On March 2, the Post reported: “Of the many acts of heroism performed at the fire that of the late Mr A. K. Fatydad, second son of Mr M. Fatydad, stands out prominently. He with six other Indian boys, succeeded in extricating themselves from the ruins of No. 8 stand and were nursing their injuries just outside, when two women began shrieking frantically to ‘save life’ near the spot from which they themselves had emerged. Mr Fatydad, senr., recognising the danger, tearfully entreated his son not to go. ‘Don’t go, sonny, don’t go’ he said, but in spite of this ‘Sonny’ waved his hand and shouting to his comrades ‘come on, boys,’ in they went among the smoke and flames. 

The Tung Wah Group of Hospitals monument in memory of victims killed in Happy Valley Racecourse fire in 1918 at So Kon Po, Wan Chai. Picture: Jonathan Wong

“A momentary glimpse was seen of them, grasping the unfortunate women by the arms and pulling with all their strength. Then, they were blotted out from view by a portion of the burning material which crashed down upon them. The most careful search has been made and no trace of their bodies can be found. The hero of this gallant episode was but 20 years of age, was employed at the P. W. D. [Public Works Department] and was a member of the police reserve. The other members of the little band of Indian boys are unknown to our informant by name, but it should be mentioned that two or three were also members of the Police Reserve, two being employed at Cosmopolitan Dock.”

An inquiry into the calamity opened on March 4 and lasted for 22 days. Among its findings, the jury criticised the Director of Public Works for not laying down safety standards for construction of the temporary stands and the Captain Superintendent of Police for not taking necessary precautions for public safety. Recommendations included that “temporary racestands constructed of such inflammable materials as matting and bamboo be discontinued”. On October 1, the Post reported that “New stands will be erected, and, it is hoped, in time for the next annual races.

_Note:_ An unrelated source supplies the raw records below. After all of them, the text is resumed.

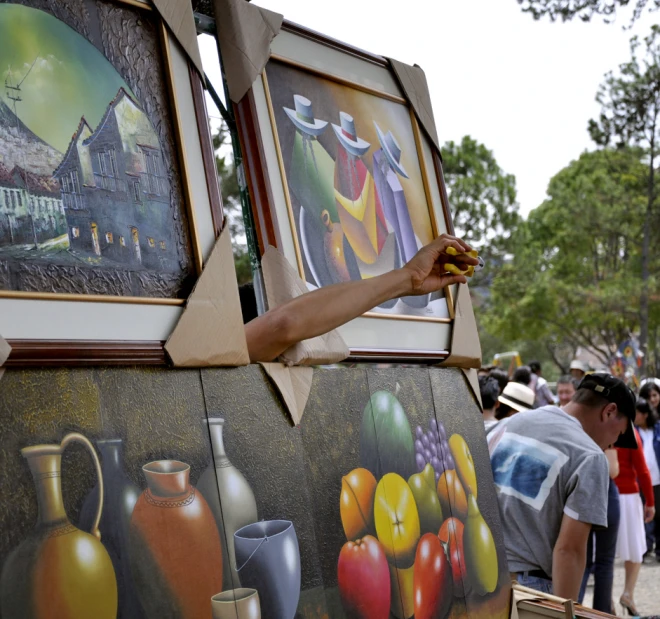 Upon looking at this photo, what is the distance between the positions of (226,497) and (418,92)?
1540 mm

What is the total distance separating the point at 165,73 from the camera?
1844 mm

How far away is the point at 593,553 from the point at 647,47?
1521cm

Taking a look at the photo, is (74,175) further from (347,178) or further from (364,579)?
(364,579)

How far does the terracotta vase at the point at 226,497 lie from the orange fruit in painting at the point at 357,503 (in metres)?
0.32

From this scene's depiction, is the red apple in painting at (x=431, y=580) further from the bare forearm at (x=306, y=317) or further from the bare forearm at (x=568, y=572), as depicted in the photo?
the bare forearm at (x=568, y=572)

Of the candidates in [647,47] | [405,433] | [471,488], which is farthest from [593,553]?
[647,47]

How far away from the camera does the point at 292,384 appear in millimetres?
1908

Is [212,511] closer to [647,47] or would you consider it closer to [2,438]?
[2,438]

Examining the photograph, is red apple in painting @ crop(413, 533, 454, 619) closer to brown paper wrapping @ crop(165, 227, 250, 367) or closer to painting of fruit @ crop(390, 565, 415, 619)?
painting of fruit @ crop(390, 565, 415, 619)

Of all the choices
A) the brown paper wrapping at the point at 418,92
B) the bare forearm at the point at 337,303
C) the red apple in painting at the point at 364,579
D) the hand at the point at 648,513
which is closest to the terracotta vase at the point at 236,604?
the red apple in painting at the point at 364,579

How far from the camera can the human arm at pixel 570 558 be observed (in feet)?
9.70

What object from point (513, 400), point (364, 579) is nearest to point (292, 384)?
point (364, 579)

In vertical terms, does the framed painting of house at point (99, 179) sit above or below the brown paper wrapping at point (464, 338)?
above

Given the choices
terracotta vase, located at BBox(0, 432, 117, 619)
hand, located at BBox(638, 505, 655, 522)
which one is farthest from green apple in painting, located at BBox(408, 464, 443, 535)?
hand, located at BBox(638, 505, 655, 522) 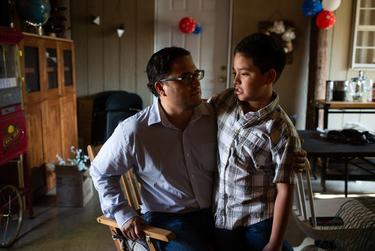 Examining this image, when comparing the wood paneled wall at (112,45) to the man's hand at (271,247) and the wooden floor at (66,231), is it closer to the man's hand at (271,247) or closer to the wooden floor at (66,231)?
the wooden floor at (66,231)

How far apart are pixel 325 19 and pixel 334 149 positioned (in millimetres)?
2040

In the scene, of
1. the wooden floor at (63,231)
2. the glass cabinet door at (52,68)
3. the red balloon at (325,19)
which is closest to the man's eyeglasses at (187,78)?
the wooden floor at (63,231)

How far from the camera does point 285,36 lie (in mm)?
4379

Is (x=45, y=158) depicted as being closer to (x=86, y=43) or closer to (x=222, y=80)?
(x=86, y=43)

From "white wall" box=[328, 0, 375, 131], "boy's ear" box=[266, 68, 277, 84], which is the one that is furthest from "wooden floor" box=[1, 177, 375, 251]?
"white wall" box=[328, 0, 375, 131]

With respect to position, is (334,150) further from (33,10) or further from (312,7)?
(33,10)

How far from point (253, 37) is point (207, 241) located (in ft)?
2.52

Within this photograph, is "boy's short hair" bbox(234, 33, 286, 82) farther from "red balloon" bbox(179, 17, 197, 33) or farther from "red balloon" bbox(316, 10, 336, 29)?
"red balloon" bbox(179, 17, 197, 33)

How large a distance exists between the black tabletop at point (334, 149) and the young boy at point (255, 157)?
4.26 ft

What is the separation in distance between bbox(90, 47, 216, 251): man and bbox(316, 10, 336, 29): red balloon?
3101 millimetres

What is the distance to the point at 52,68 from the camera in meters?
3.47

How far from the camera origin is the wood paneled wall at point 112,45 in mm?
4723

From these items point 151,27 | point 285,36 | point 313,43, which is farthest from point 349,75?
point 151,27

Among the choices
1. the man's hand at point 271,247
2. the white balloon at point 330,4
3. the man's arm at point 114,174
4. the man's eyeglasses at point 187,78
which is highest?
the white balloon at point 330,4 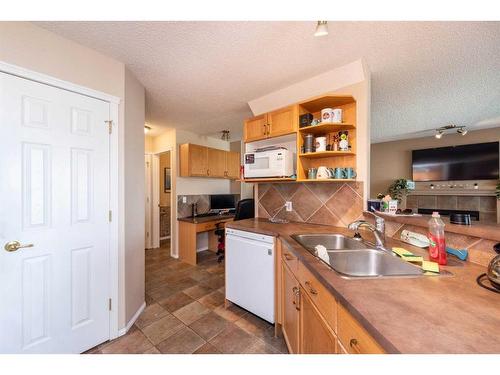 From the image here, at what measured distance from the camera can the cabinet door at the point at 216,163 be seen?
148 inches

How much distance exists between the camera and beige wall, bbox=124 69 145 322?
170 centimetres

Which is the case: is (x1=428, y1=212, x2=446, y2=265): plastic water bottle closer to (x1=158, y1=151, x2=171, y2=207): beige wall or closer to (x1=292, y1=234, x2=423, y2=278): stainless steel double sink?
(x1=292, y1=234, x2=423, y2=278): stainless steel double sink

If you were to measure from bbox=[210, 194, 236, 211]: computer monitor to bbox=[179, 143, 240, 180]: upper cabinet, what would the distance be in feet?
1.38

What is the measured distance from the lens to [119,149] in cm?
161

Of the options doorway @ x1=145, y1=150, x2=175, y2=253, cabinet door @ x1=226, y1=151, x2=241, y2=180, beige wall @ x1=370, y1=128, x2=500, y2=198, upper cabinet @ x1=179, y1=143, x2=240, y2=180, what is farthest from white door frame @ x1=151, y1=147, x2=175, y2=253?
beige wall @ x1=370, y1=128, x2=500, y2=198

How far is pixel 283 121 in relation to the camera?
194 cm

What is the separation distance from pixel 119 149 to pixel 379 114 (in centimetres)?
360

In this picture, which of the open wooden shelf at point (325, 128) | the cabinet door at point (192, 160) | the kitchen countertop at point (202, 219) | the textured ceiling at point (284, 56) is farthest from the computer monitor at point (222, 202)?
the open wooden shelf at point (325, 128)

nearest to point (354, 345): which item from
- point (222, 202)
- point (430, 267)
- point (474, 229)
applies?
point (430, 267)

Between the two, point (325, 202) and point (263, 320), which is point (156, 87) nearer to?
A: point (325, 202)

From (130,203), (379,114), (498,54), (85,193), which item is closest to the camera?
(85,193)

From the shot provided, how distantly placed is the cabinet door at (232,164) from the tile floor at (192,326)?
2.13 metres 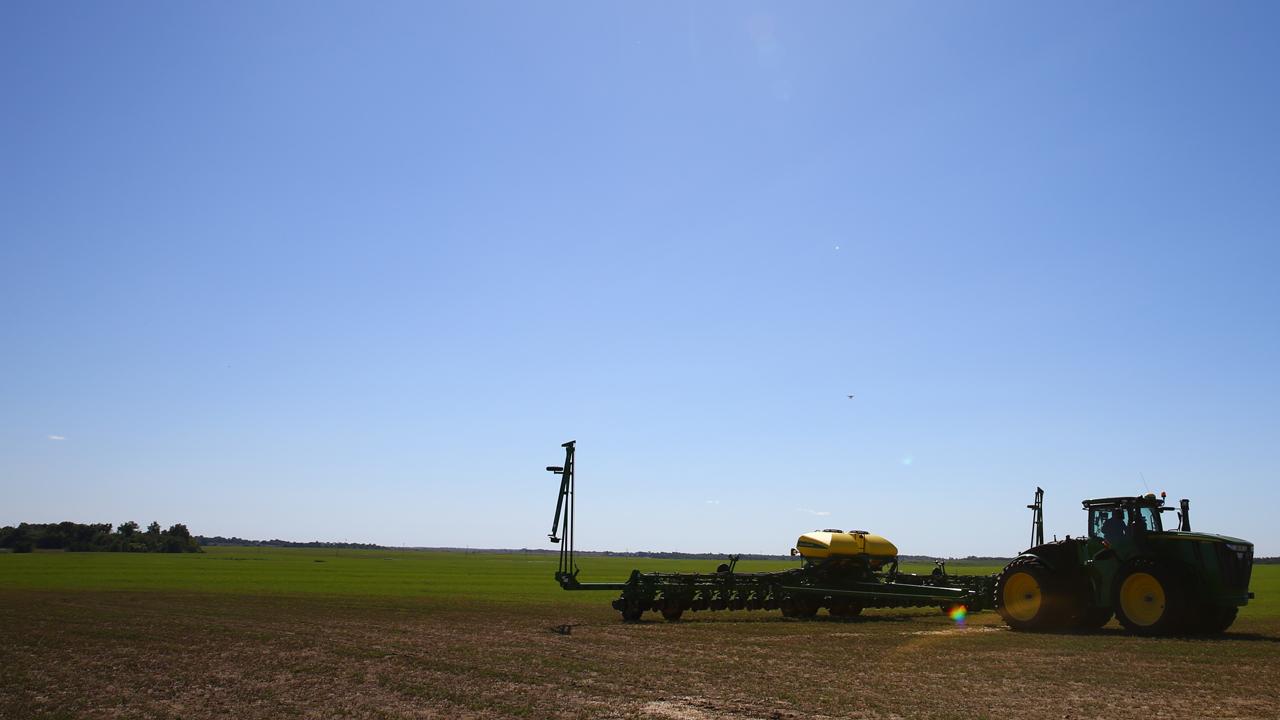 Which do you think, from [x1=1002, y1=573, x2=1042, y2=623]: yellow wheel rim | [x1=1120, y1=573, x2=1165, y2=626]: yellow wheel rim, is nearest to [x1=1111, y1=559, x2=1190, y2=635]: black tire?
[x1=1120, y1=573, x2=1165, y2=626]: yellow wheel rim

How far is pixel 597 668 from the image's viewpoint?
14.9 m

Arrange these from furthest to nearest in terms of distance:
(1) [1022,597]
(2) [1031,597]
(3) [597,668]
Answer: (1) [1022,597], (2) [1031,597], (3) [597,668]

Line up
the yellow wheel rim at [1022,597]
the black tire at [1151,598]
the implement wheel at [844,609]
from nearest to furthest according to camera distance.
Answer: the black tire at [1151,598]
the yellow wheel rim at [1022,597]
the implement wheel at [844,609]

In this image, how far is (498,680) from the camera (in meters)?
A: 13.5

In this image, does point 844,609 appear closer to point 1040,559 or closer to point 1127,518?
point 1040,559

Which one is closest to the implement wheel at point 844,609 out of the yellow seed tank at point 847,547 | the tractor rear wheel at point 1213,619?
the yellow seed tank at point 847,547

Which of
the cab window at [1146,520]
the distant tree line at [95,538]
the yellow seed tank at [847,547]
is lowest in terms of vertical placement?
the distant tree line at [95,538]

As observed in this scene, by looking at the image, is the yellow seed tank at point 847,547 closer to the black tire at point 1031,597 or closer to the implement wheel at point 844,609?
the implement wheel at point 844,609

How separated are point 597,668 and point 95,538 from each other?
463 feet

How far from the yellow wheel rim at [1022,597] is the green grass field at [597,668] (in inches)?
38.9

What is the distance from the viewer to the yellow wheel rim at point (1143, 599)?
20.0m

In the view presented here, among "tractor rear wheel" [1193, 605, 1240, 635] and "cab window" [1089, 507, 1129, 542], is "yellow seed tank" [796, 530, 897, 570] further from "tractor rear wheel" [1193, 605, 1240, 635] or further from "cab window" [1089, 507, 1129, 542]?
"tractor rear wheel" [1193, 605, 1240, 635]

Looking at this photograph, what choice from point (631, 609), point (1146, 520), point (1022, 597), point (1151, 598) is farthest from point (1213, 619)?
point (631, 609)

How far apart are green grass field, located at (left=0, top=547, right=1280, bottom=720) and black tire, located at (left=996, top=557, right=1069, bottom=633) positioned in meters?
0.95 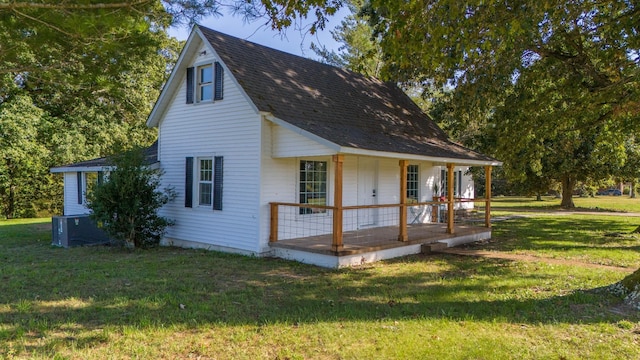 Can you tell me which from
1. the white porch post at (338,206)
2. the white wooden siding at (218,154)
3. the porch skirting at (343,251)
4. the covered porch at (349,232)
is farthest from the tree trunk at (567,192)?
the white wooden siding at (218,154)

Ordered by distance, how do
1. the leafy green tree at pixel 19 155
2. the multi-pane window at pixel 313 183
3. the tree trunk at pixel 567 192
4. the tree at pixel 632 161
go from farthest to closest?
the tree trunk at pixel 567 192 < the tree at pixel 632 161 < the leafy green tree at pixel 19 155 < the multi-pane window at pixel 313 183

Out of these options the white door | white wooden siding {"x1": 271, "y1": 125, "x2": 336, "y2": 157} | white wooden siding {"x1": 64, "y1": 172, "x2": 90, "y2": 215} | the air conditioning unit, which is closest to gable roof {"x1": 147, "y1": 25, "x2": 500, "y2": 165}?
white wooden siding {"x1": 271, "y1": 125, "x2": 336, "y2": 157}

No doubt many witnesses to the events of that deadly day did not return. As the Post reported soon after the tragedy: “That the mention of Happy Valley will recall the fearful memories of the charnel house for many months to come is natural. ‘No more races for me’ said an elderly Portuguese gentleman. ‘I will tear up my books and tickets. I don’t want to see the place again.’”


The Race Course Fire Memorial was erected in 1922 at So Kon Po, Wan Chai, and was declared a monument in 2015.